The Collegian
Thursday, April 25, 2024

All joking aside: A personal story of Attention Deficit Disorder

The following argument was going on behind me at the library last night for about 10 minutes. Nobody won, but both participants succeeded at preventing each other from getting anything done.

"I'm, like, so ADD." "No, I am. I haven't even started reading."

Their conversation made me think about how often I hear "ADD" used as an adjective. My friends say it, I've said it and I have even heard professors say it. We are all saying it, but is anyone really talking about it?

Although Richmond students have few qualms about debating politics, gun policy and Ring Dance, the mental illness conversation is nearly nonexistent on this campus. That is, unless we are joking about it.

My family and friends used to joke constantly about my younger brother, Jack, being "kinda ADD." Looking back, I cannot remember Jack sitting still for more than 30 seconds at a time. He lost his glasses 14 times between the ages of 4 and 12.

At the dinner table, he often became fixated on random sounds. In the middle of a conversation, Jack would suddenly start staring at our Labradoodle's wagging tail.

Yet somehow, he always had the amazing ability to completely tune-out any commands from his mom, teachers or annoying older sister.
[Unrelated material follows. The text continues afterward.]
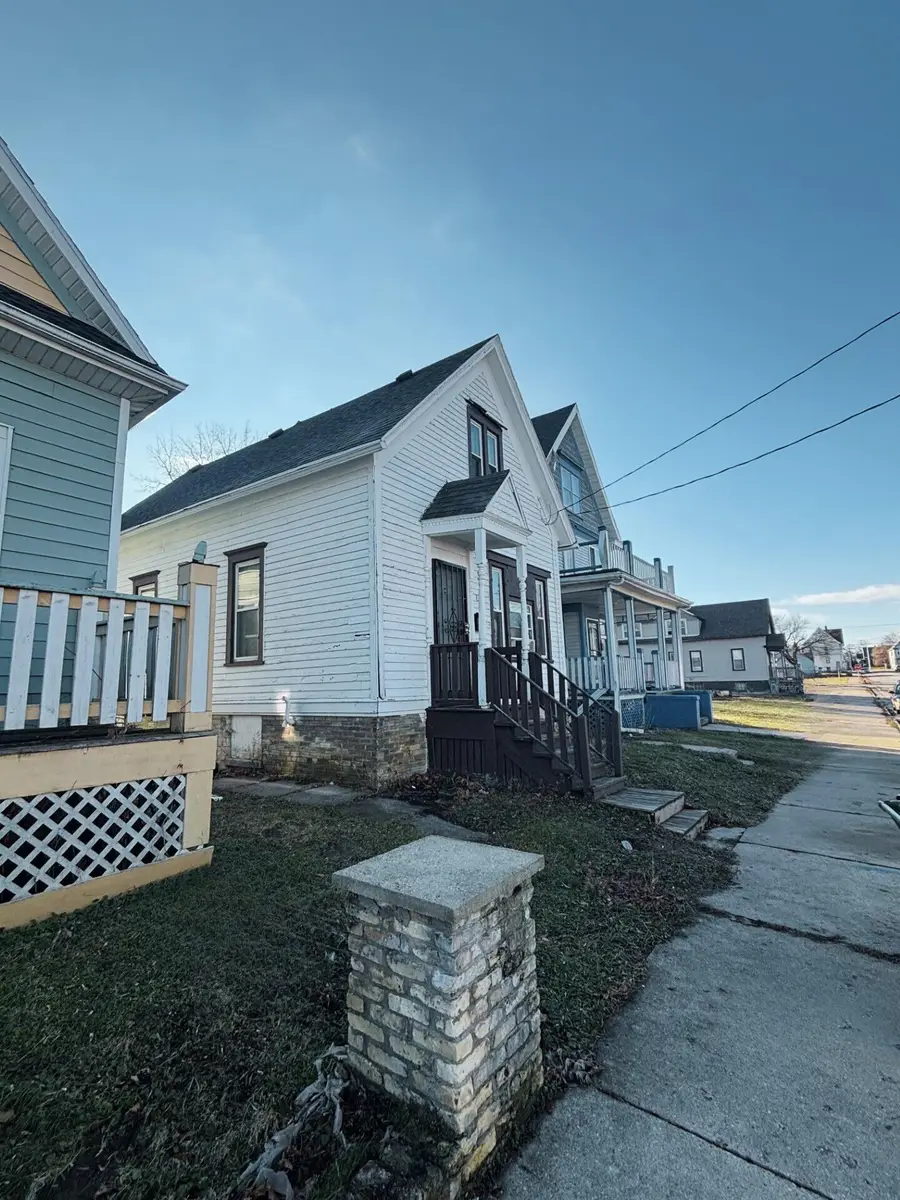1319 W Groeling Ave, Milwaukee, WI 53206 - Image #2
These quirks often made my family laugh. To us this was just a part of Jack's personality. He was laid-back and just a bit spacey, but he'd always been this way. It was nothing worth worrying about.

When Jack started high school, things changed. No matter how many hours my parents spent begging and pleading; he would never complete his homework. Grades were a constant issue. Football coaches and teachers were in continual dialogue with my parents about Jack's "laziness."

He was in and out of the principal's office on a weekly basis. At first, the offenses were things like sleeping in class or copying a friend's vocabulary homework. Soon, they became far more serious.

Jack was caught skipping school three times in a five-day span. One morning, after seeing their son off to football practice, my parents received a phone call from the police.

Jack had been arrested for drug possession. He was kicked off the football team. He was arrested twice more within the next year.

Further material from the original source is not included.